And that’s why I felt I needed to say this. We Christians, every day, do so many things we really need to stop doing and apologize for.
We, as a church, routinely tell people how they must think and feel, ignoring how they do feel. We distort normal, healthy views of sexuality and create confused, repressed young people. We treat women as separate and unequal to men. We declare that people choose who they are attracted to, that people choose to become part of a minority that is routinely mistreated, sometimes violently so, because of who they are attracted to.
We say and do a lot of things that hurt a lot of people, which is ironic, considering the fact that our holy book commands us to treat others the way we would like to be treated; it commands us to “love our neighbors as ourselves,” and to “love our enemies and do good to those who hate us,” and to “do violence unto no man,” and to “live at peace with all people.”

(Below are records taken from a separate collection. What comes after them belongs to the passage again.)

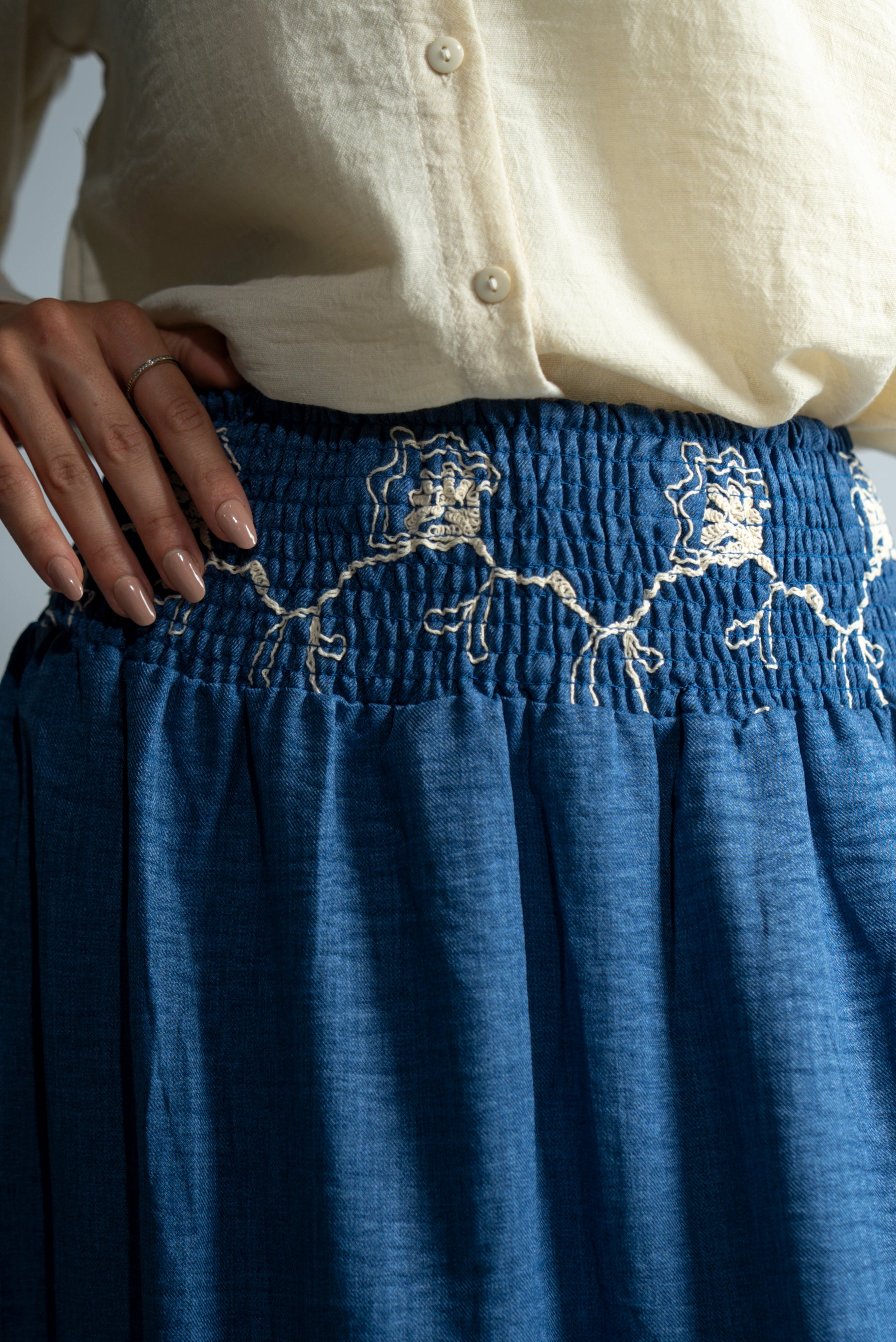 Jupe longue  à taille smockée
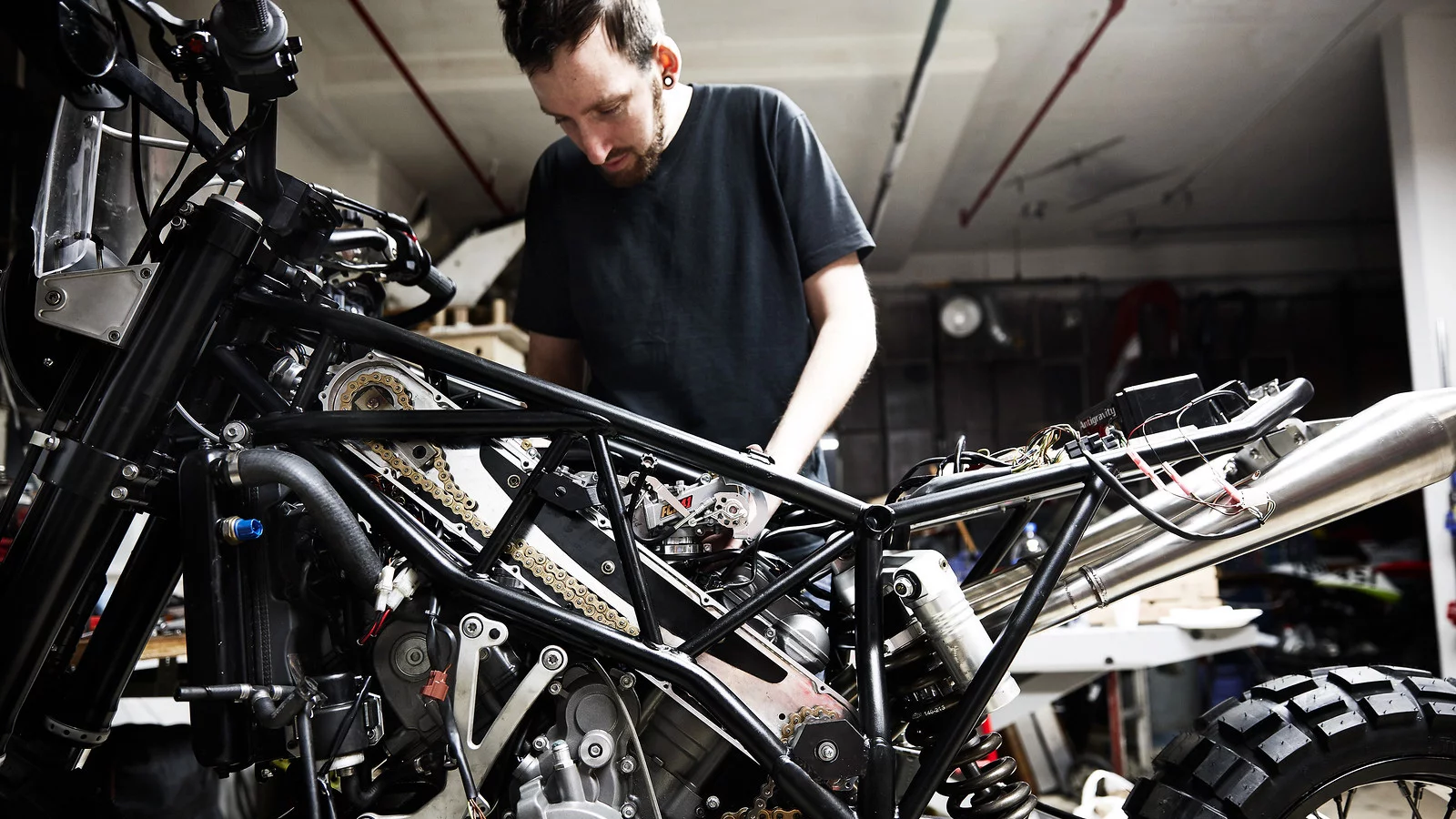 Front wheel transmission and FCR carbs already in place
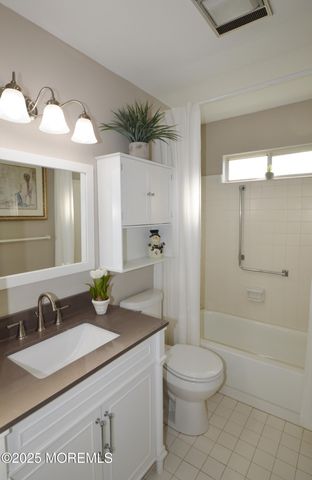 29 Saint Paul Place, Manchester, NJ 08759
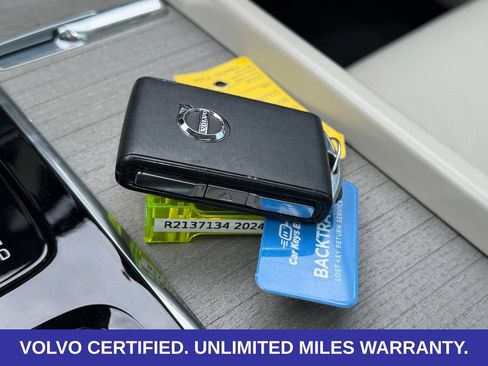 Certified 2024 Volvo V60 B5 Cross Country Plus w/ Protection Package Premier AWD/4WD image 35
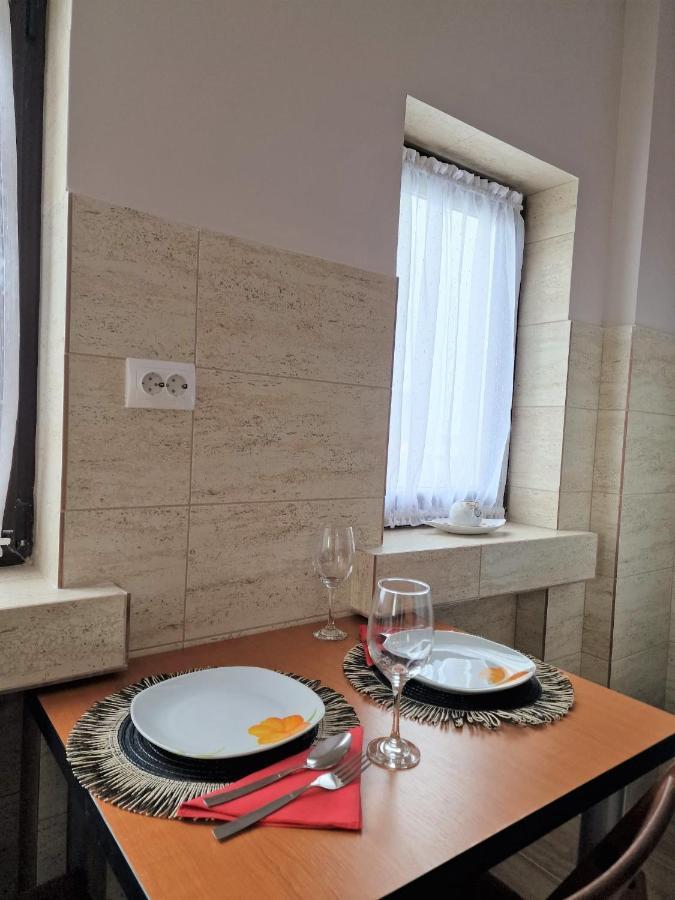 Laroka House Arty And Cosy Studio Universitate Center บูคาเรสต์ ภายนอก รูปภาพ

So, if you’ve been mistreated because of your religion, race, sexuality, or gender, in the name of Jesus, as much as I am able, I would really like to apologize.
And I mean that.
But I’m unclear on where I’m going with this because my apology does nothing to end the suffering committed in the name of Jesus.
So what’s next?
I don’t really know. Which is why, as I said, the more I think about what to say, the less I know what to say.
I wish the church, and the people within it, were more interested in reconciliation instead of retaliation. I wish the church were more aware of the fact that the same Jesus who said “don’t be greedy” never once said “don’t be gay.”
I don’t pretend to be an expert at this whole “love everyone” thing, but I think if we, as Christians, tried a little harder to do it then we all, as people, would be a lot happier.
Over the years, people you know like Leo Tolstoy and Martin Luther King Jr., and people you might not know, like Dietrich Bonhoeffer, have said and written similar warnings that if the church doesn’t get its act together and take this whole “love everyone” thing seriously, that it would become an obsolete social club.
Maybe that’s happened already.
A lot of you probably see it that way.
Sometimes I do, too.
So what’s the point?
I don’t know.
But I do know that I’m interested in righting wrongs. I’m interested in loving people. I’m interested in helping the needy, marginalized, and forgotten in our society. I’m interested in respecting the beliefs, traditions, and lifestyles of others. I’m interested in reconciliation.
I hope you’ll take this apology as a step, however small, in that direction.